Grub Street was a complex place, and it deserves to be studied in all its complexity, without succumbing to psychological reductionism. It certainly furnished many of the shock troops of the Enlightenment-journalists, pamphleteers, polemicists, auxiliaries and intermediaries of all kinds. If you think of the Enlightenment as primarily an attempt to spread light, these bit players look quite important; for they were the ones who did the vulgarizing and propagandizing. True, Voltaire himself manipulated the media of his time. He was a master at dominating public opinion. But he could not have succeeded without the foot soldiers that he was able to inspire and mobilize. By studying their activities, one can see how the Enlightenment worked its way deeply into the fabric of society. That is the direction in which I have tried to take Enlightenment studies-toward what can be called a social history of ideas.

M.T: One of the fields of history writing, one that you have actively promoted for more than thirty years, is the history of book[4]. In recent years your interests have broadened, however, and instead of the history of book you are interested in the history of communications[5] more generally, as testified also by your latest book, George Washington's False Teeth. How would you describe the development of your interests in this particular direction?

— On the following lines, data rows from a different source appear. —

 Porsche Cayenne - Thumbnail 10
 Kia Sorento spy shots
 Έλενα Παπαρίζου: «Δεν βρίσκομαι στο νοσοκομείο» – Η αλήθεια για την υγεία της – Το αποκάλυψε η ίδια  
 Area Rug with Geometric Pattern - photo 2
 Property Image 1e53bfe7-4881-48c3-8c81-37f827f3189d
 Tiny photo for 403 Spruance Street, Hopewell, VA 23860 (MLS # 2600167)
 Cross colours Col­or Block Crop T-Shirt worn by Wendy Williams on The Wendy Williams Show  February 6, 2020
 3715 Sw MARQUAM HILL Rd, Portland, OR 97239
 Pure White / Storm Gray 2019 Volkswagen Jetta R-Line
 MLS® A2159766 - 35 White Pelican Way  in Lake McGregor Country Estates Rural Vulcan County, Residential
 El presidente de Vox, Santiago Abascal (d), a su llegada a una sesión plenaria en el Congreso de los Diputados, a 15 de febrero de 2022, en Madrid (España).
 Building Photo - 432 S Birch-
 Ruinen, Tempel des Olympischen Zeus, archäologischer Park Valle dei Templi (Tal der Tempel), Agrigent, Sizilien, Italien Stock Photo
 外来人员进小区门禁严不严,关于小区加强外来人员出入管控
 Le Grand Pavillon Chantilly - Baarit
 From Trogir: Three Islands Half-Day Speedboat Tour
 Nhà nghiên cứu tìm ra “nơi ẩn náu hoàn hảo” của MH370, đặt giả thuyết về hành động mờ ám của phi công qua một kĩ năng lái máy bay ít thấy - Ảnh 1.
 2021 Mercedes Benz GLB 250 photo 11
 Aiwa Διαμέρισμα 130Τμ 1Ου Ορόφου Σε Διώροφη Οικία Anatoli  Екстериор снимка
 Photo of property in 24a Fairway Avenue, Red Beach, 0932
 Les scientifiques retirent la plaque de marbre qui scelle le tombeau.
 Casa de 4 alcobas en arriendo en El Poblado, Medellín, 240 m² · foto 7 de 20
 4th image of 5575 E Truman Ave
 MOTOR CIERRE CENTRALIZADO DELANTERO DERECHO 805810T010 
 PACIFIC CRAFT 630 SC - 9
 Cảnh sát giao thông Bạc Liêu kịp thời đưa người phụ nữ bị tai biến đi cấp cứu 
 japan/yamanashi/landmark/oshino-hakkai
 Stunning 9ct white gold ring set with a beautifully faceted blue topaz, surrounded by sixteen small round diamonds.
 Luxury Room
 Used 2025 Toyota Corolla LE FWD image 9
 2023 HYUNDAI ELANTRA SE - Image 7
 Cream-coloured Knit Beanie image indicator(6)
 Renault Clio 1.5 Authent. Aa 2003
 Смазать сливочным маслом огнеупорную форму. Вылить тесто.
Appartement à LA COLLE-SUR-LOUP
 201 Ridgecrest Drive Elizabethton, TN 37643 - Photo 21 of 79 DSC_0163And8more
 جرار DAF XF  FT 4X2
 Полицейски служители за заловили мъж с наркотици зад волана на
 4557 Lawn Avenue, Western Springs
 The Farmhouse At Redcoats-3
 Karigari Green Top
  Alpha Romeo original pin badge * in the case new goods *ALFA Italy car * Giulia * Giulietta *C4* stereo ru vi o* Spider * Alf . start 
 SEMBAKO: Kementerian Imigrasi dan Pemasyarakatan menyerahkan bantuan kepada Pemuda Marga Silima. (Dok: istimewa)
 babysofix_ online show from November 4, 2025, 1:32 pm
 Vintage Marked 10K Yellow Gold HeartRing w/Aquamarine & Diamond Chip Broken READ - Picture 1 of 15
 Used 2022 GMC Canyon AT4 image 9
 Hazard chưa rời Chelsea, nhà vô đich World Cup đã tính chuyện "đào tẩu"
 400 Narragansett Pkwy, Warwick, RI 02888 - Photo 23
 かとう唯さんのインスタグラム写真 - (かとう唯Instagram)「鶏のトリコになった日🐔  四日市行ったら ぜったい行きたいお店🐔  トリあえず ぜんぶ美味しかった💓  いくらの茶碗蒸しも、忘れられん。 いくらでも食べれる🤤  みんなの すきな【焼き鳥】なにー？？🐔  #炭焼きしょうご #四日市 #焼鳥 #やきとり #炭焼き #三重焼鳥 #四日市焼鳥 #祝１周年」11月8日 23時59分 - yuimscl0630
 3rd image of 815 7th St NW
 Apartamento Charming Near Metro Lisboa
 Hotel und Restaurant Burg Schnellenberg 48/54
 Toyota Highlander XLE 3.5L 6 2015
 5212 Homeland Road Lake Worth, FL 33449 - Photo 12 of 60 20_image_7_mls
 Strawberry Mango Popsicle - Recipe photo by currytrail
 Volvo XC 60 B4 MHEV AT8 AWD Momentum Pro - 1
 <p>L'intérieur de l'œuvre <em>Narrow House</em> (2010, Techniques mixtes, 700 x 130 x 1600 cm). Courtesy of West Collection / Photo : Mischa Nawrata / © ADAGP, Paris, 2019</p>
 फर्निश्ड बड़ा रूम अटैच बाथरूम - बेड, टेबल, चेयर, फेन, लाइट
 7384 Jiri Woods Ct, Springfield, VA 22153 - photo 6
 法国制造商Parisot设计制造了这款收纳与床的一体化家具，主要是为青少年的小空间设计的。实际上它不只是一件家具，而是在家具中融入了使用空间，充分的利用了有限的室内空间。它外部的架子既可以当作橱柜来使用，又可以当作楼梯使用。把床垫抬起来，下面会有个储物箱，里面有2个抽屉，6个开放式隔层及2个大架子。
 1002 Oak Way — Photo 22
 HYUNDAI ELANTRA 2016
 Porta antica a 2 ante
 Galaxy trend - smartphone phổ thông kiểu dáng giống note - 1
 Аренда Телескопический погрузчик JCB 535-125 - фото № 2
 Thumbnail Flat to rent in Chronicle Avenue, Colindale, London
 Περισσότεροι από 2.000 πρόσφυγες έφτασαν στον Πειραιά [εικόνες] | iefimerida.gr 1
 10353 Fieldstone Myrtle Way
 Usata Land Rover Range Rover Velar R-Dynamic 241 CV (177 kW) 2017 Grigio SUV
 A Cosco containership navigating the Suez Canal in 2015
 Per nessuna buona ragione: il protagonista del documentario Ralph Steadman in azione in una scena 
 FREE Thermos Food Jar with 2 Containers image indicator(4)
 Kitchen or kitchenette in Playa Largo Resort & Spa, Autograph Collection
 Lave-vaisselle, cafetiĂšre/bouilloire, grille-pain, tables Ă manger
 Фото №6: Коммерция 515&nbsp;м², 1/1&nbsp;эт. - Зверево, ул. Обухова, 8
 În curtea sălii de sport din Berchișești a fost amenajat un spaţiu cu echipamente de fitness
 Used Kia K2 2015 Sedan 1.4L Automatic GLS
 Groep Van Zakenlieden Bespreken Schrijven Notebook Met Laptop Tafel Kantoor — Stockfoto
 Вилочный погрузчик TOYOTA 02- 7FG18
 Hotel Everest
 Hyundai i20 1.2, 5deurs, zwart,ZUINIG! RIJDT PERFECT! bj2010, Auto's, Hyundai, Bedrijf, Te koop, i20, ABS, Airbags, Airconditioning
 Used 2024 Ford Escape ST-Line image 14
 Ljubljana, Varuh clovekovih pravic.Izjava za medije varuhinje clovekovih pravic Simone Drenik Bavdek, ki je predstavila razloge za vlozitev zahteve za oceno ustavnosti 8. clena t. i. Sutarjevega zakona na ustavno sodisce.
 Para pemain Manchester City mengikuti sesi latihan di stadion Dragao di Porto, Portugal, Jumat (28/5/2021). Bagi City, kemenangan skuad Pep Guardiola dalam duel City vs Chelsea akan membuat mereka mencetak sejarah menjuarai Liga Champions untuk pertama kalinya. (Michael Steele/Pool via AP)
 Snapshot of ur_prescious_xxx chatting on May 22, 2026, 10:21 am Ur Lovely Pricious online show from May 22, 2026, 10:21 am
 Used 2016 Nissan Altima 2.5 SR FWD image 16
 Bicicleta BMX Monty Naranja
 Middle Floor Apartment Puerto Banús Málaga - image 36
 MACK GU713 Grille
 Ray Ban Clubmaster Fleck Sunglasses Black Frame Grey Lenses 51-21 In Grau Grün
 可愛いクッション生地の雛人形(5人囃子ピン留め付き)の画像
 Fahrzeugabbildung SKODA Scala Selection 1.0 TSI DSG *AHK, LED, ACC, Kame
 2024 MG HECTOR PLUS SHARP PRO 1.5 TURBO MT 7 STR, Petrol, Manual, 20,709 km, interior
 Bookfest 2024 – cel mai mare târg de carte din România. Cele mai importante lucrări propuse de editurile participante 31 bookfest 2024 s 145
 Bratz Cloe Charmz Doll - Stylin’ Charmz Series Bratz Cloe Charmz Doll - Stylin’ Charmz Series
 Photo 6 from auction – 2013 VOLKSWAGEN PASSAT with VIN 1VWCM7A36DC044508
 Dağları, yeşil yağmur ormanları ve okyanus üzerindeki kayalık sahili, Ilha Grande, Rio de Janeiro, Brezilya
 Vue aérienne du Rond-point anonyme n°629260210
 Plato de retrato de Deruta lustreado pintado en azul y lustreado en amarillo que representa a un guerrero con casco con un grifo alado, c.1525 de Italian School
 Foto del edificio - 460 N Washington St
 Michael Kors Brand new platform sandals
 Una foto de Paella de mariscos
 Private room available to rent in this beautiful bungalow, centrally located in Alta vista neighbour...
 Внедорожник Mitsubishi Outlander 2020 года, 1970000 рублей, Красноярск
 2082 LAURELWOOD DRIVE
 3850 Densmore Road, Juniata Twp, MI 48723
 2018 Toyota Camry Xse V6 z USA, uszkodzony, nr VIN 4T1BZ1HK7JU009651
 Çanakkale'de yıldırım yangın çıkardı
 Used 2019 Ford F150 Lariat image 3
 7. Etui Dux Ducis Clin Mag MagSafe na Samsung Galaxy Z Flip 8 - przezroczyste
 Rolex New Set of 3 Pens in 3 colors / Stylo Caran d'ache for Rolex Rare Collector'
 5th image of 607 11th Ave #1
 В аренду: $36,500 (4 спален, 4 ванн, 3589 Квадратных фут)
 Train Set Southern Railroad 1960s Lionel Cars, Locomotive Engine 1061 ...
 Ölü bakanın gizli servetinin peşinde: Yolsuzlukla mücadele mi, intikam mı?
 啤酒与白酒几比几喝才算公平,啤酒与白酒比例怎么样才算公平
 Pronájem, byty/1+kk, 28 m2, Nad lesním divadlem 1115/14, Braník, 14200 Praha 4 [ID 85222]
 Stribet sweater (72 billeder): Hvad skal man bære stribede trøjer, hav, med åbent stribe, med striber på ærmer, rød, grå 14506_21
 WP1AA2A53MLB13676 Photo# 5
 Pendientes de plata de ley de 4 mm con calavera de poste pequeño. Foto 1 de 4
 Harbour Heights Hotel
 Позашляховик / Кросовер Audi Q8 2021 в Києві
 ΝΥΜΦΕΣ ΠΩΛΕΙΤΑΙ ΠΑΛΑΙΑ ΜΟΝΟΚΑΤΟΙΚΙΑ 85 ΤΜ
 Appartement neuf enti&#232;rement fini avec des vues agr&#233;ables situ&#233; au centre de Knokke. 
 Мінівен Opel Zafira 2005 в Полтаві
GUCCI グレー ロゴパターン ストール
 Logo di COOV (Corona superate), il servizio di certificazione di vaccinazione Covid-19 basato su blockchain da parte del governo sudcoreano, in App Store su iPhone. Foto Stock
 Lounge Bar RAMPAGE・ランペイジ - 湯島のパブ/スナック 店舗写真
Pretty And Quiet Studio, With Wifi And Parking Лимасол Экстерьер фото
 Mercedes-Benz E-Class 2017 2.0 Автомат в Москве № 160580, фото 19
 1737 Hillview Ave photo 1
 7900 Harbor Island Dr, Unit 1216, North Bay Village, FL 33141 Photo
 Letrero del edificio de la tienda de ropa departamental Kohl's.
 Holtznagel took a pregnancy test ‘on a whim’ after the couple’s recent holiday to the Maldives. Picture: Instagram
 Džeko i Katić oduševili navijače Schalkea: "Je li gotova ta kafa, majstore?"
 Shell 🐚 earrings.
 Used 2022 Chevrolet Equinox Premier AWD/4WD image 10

R.D: I think your description is very apt. In studying the history of books, I had to confront the history of reading, to seek out connections between the diffusion of literature and the formation of the mysterious phenomenon we call public opinion. It became clear along the way that books were but one of the many media at the time. In fact, printed texts often incorporated oral material-gossip, songs, "bruits publics"-and then transmitted messages that re-entered oral circuits of communication by means of discussion or reading in groups. So, yes, I think that book history opens onto the larger history of communication. Thanks to modern media, we can study ancient modes of communication in new ways. After discovering hundreds of improvised songs about current events in manuscript "chansonniers" from the 1740s, I came upon manuscripts with the musical annotation to the songs. A friend of mine, Hélène Delavault, who is a superb cabaret singer in Paris, agreed to sing them. They now can be heard in an electronic version of one of my essays-at www.historycooperative.org/journals/ahr/ . It sounds corny, but we can make history sing.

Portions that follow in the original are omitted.